Avete vinto voi: ultrà, De Laurentiis e dirigenti del calcio italiano. Noi, colerosi, abbiamo perso

Abbiamo perso. “Abbiamo”… chi siamo “noi”? Intanto vediamo chi sono loro: gli ultrà, anche quelli del Napoli, sempre più movimento coordinato nazionalmente. Le società di calcio, anche il Napoli, legate al piccolo interesse di non avere sanzioni per colpa dei ricattatori a saluto nazista dispiegato. I media, anche quelli napoletani, che, figuriamoci, loro non sono […]

Abbiamo perso. “Abbiamo”… chi siamo “noi”?
Intanto vediamo chi sono loro: gli ultrà, anche quelli del Napoli, sempre più movimento coordinato nazionalmente. Le società di calcio, anche il Napoli, legate al piccolo interesse di non avere sanzioni per colpa dei ricattatori a saluto nazista dispiegato. I media, anche quelli napoletani, che, figuriamoci, loro non sono così provinciali per combattere la battaglia “dello sfottò”.
Vincere era proprio difficile, eppure qualcosa in ballo c’era. No, non la libertà d’espressione. Ma la civiltà in quella versione piccola piccola che è il rispetto per le origini e la cultura delle persone. Per la sensibilità di adulti e ragazzi, che, unici in questo paese, si vedono quotidianamente prendere in giro per il posto in cui sono nati, per l’accento che hanno, per la squadra per la quale tifano.
Ecco chi siamo “noi”. Che non volevamo togliere la parola a nessuno. Volevamo non sentirci insultare, come “avviene da 50 anni”, ha detto l’emittente del signor Murdoch, capofila della minimizzazione di questi giorni. E quindi, se succede da 50 anni, perché non continuare? E’ stato detto che se Rosa Parks avesse ragionato così…. fermi tutti! Non si può!

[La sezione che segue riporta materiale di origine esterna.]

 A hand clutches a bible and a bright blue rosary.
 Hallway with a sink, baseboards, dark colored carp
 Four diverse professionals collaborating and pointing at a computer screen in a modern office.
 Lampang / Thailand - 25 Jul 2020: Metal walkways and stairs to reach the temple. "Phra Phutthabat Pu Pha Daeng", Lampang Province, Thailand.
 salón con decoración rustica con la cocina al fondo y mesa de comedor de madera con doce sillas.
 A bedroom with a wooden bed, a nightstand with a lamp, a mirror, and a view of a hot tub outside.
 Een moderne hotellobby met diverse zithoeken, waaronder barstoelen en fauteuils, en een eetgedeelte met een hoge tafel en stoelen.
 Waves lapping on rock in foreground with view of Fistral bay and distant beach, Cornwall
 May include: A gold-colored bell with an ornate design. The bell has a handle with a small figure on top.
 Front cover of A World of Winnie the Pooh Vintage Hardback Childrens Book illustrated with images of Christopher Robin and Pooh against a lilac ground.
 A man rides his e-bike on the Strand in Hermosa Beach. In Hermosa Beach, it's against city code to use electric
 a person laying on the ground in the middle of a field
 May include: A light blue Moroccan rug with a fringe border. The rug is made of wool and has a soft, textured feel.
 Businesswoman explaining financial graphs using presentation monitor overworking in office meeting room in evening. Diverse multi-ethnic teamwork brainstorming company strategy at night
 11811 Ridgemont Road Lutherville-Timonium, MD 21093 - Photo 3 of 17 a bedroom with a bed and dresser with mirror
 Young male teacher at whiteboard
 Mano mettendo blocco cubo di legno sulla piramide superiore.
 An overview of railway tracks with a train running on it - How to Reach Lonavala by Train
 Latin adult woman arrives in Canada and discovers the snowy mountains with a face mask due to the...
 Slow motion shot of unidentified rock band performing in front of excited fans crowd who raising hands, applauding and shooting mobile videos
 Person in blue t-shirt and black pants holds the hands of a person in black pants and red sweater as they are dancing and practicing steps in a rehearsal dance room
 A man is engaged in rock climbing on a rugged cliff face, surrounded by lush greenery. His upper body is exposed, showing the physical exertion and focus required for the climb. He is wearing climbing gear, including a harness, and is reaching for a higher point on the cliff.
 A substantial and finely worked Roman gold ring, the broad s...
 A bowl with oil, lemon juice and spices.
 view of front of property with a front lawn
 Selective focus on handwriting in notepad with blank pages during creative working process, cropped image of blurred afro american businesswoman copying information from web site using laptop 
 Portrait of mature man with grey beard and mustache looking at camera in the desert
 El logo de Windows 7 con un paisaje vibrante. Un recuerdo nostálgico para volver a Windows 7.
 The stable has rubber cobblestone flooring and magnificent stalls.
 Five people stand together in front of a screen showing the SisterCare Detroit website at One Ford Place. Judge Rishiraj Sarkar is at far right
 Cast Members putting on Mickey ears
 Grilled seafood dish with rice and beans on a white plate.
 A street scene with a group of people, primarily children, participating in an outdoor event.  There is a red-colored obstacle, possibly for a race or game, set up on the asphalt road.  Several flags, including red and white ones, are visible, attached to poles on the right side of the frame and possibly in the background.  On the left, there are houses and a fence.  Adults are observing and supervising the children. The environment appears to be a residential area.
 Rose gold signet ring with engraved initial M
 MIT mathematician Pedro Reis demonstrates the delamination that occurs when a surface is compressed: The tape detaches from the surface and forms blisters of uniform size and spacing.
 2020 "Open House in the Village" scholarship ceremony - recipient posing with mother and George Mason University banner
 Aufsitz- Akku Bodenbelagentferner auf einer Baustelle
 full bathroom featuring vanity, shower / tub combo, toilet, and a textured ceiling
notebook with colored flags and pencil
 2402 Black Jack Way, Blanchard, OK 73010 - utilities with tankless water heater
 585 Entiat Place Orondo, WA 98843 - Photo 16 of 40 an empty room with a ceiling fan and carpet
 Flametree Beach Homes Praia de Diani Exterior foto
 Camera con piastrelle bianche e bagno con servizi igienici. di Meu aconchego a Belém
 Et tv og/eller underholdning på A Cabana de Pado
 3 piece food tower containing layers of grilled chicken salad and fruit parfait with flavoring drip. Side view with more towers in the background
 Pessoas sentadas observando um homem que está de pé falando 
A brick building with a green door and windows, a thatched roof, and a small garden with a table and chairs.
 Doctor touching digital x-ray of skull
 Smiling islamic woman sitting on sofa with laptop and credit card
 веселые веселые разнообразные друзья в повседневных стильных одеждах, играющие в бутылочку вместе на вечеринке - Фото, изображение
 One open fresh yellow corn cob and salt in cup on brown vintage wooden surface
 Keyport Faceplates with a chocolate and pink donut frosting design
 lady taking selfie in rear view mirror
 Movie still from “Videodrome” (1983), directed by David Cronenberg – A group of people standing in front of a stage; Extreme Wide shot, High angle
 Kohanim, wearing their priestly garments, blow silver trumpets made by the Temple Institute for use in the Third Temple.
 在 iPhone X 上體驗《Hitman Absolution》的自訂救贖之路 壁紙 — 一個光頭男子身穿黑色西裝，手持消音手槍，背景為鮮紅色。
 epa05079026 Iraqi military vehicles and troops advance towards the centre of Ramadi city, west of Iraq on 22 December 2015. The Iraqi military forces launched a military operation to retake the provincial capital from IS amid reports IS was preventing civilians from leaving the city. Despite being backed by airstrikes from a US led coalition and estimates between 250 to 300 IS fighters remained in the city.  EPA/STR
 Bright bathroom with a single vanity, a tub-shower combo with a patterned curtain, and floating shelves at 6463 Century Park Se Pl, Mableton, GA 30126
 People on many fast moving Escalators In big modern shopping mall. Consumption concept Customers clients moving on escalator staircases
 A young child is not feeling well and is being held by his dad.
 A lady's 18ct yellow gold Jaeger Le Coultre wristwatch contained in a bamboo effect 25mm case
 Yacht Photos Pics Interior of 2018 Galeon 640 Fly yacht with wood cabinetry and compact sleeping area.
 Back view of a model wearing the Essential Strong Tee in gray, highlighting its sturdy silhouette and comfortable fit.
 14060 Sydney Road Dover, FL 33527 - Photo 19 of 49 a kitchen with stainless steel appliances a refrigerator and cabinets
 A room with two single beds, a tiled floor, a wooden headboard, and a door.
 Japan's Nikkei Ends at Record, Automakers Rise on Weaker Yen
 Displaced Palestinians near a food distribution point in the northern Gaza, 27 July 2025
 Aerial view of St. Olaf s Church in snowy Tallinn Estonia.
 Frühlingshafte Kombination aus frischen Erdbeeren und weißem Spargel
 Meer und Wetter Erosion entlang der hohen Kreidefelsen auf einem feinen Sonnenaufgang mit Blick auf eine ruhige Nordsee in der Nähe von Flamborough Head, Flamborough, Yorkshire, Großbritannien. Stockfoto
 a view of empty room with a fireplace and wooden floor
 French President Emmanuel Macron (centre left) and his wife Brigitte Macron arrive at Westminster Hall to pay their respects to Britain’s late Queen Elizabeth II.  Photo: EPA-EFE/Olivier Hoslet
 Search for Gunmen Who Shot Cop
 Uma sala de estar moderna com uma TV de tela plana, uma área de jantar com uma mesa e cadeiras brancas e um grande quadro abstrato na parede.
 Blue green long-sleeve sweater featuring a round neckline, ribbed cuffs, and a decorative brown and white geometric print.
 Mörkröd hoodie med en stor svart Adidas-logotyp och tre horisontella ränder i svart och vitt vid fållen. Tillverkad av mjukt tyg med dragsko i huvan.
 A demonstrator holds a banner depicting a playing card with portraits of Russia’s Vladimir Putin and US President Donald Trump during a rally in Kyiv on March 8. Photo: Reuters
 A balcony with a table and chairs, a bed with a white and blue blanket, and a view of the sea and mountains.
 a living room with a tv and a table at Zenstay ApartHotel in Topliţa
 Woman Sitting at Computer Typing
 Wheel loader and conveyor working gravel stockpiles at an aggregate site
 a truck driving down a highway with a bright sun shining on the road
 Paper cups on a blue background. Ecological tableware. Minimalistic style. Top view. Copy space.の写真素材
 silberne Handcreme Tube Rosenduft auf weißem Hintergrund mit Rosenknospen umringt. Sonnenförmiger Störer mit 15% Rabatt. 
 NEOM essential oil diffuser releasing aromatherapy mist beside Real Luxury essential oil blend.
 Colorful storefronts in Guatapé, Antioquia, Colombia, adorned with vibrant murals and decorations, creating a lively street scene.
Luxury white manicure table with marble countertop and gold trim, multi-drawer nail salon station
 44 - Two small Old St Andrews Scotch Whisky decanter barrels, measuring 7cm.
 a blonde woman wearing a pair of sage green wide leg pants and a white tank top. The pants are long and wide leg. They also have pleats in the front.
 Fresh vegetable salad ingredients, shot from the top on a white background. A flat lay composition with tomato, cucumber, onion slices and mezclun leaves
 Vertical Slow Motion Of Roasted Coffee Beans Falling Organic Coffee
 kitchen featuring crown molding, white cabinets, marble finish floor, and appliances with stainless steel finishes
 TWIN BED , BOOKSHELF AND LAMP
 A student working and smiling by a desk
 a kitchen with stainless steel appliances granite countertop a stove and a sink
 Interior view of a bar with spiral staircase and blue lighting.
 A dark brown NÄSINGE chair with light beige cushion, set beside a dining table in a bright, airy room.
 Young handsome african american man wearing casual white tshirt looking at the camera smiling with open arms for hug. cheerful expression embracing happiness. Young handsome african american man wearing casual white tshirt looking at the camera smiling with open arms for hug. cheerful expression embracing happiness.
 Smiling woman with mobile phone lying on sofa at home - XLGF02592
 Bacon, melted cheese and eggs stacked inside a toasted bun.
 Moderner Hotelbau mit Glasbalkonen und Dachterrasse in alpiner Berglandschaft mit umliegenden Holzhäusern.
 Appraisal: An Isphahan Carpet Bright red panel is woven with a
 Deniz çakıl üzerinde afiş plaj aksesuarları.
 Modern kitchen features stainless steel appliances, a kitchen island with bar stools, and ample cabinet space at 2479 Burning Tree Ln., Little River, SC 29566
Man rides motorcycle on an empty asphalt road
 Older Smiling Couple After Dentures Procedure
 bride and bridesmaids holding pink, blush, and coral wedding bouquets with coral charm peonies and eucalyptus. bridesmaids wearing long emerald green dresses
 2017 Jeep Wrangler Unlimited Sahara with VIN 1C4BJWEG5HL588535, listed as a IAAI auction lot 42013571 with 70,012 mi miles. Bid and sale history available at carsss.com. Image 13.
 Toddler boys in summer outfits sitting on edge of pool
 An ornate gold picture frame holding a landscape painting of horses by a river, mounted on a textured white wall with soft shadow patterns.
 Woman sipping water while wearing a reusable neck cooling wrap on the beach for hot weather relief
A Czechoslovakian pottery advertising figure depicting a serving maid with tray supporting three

Anche questo ci hanno detto, che volevamo paragonarci ai grandi perseguitati del nostro tempo. Rovinare la causa di neri e magari dei gay. Mi pare giusto. In un paese che lancia banane ai calciatori neri e dove si dice ancora “frocio” e decine di omosessuali vengono uccisi ogni anno, senza nemmeno essere classificati come vittime di omicidi omofobici, che cosa volevamo mai noi, non sentirci dire: “Napoli-Merda, Napoli-Colera sei la vergogna dell’Italia intera?” Come mangiare brioche quando altri non hanno il pane.
Andremo avanti così. “Sfottuti” da quelli che fanno i progressisti sui loro giornali e in privato dicono “Napuli” e “va buò” per prendere per il culo il napoletano che hanno davanti. Di quelli che pensano che noi siamo un paese di tanti Schettino. Perquisti e identificati allo stadio mentre i delinquenti portan dentro ogni cosa, tanto loro possono ricattare la società quando vogliono. Noi insultati dagli ultrà perché borghesi e rinnegati e privati anche della gioia di cantare le canzoni che amiamo. E dal signor presidente perché abbiamo uso di ragione e facciamo qualche critica al Signor Padrone. E dai tifosi della Juventus con i sacchetti della spazzatura, dai milanisti con i cori, dagli interisti con non si sa cosa e ancora non siamo tornati a Verona quest’anno.
Però vedete, noi andiamo allo stadio o paghiamo la tv perché ci è caro un nome che non è calcio, ma è quello della città che amiamo. Non importa né l’emergenza monnezza né gli assassini né i mille sfasci di quella città. L’amore sta altrove. Noi non proviamo vergogna perché amiamo quei pochi chilometri quadrati stretti tra il vulcano e il mare, come se fosse nostra madre. Quella è la bandiera che sventola nel nostro cuore. Lo farà sempre.
E’ questo, gentile De Laurentiis, Gentile Murdoch, Gentile Mediaset, Gentili presidenti, anche di Lega. Questo fa un pezzo dei vostri profitti e un po’ del vostro potere. Andiamo avanti così. Noi continueremo ad amare. Voi tutti continuerete ad essere dei gran pezzi di merda. Ma è uno sfottò, beninteso. Anzi, è satira.